- [Exercise instructions]: Transcribe the entries below word for word, beginning at the line with "中古】 Panasonic LUMIX" and stopping after the line with "adidas Originals Боксерки"; drop all pictures.

- [Provided records]:
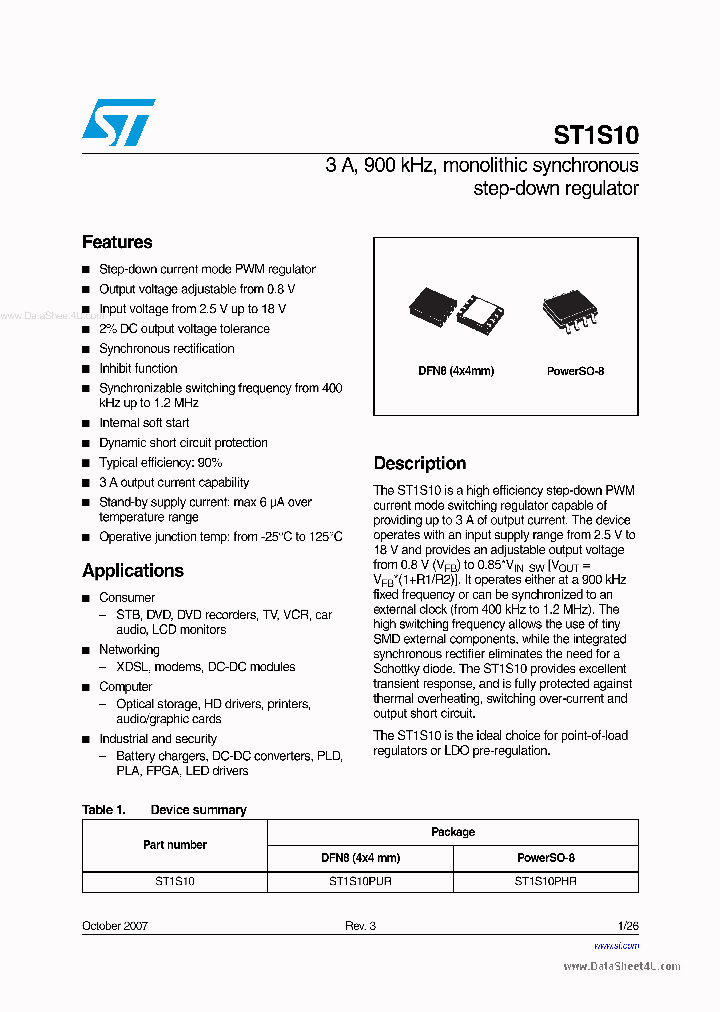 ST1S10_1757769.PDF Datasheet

---

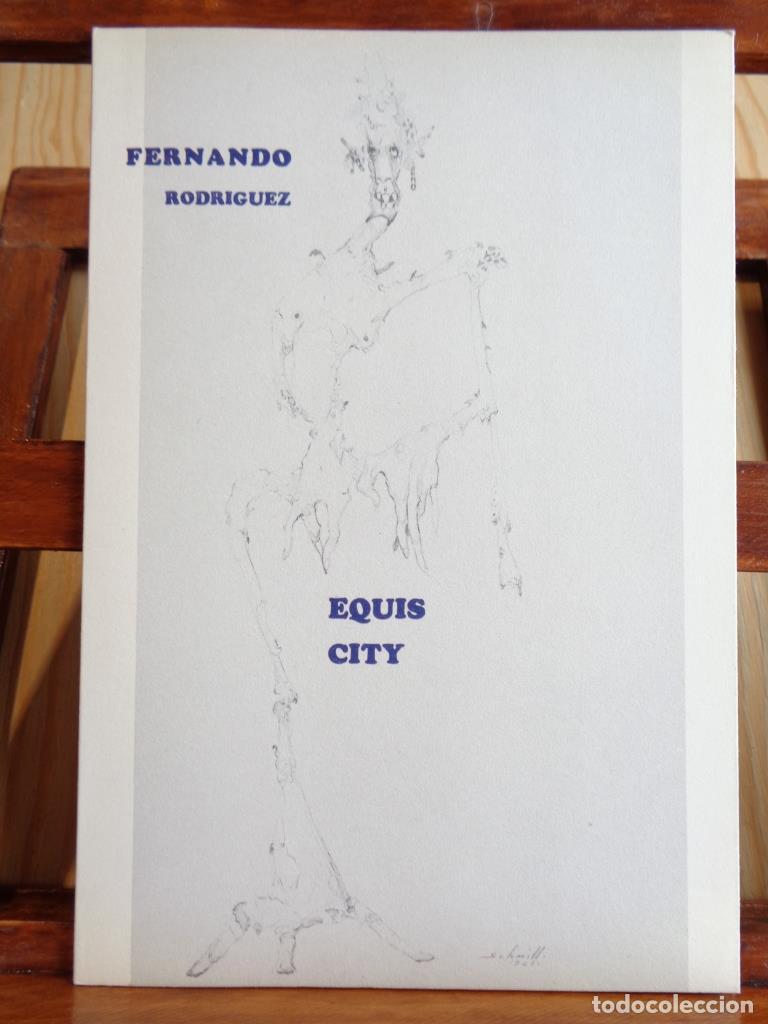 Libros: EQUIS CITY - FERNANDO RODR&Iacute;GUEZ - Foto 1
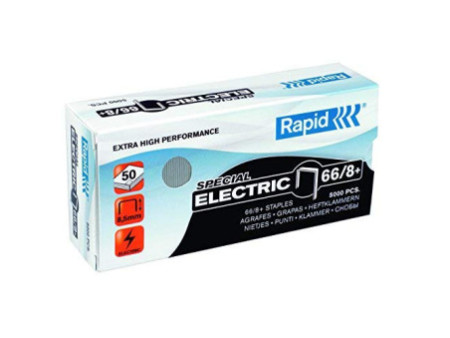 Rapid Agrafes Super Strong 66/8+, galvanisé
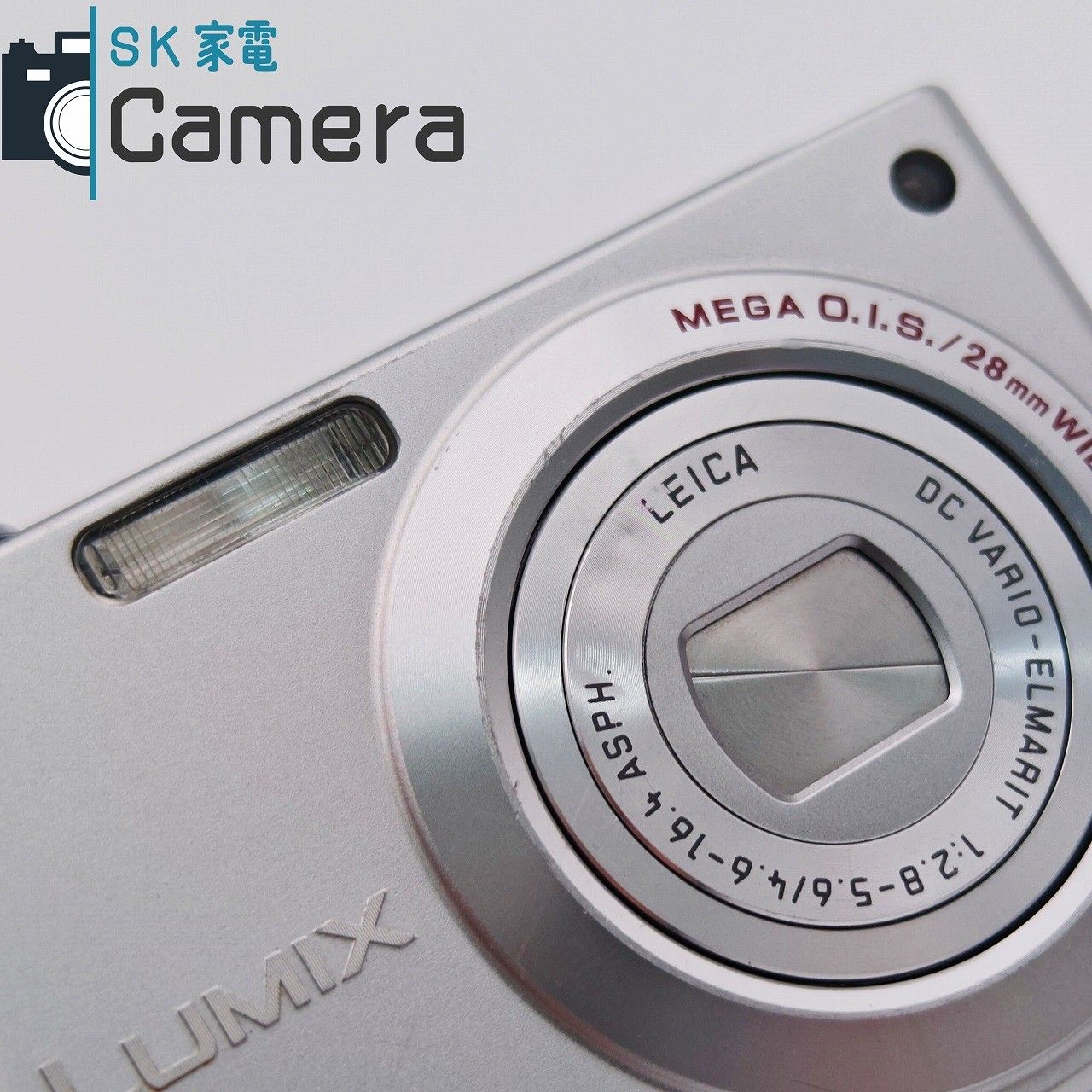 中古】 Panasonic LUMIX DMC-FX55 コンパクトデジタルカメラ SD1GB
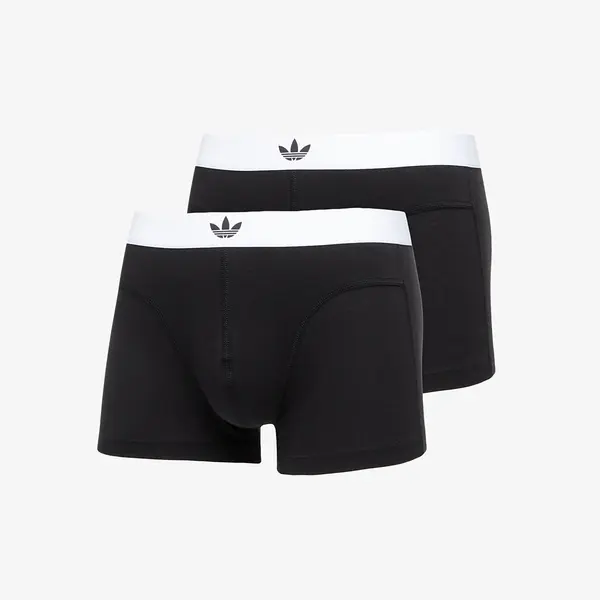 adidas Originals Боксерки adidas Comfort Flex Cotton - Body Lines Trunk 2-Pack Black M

- [Result of the task]:
 中古】 Panasonic LUMIX DMC-FX55 コンパクトデジタルカメラ SD1GB
 adidas Originals Боксерки adidas Comfort Flex Cotton - Body Lines Trunk 2-Pack Black M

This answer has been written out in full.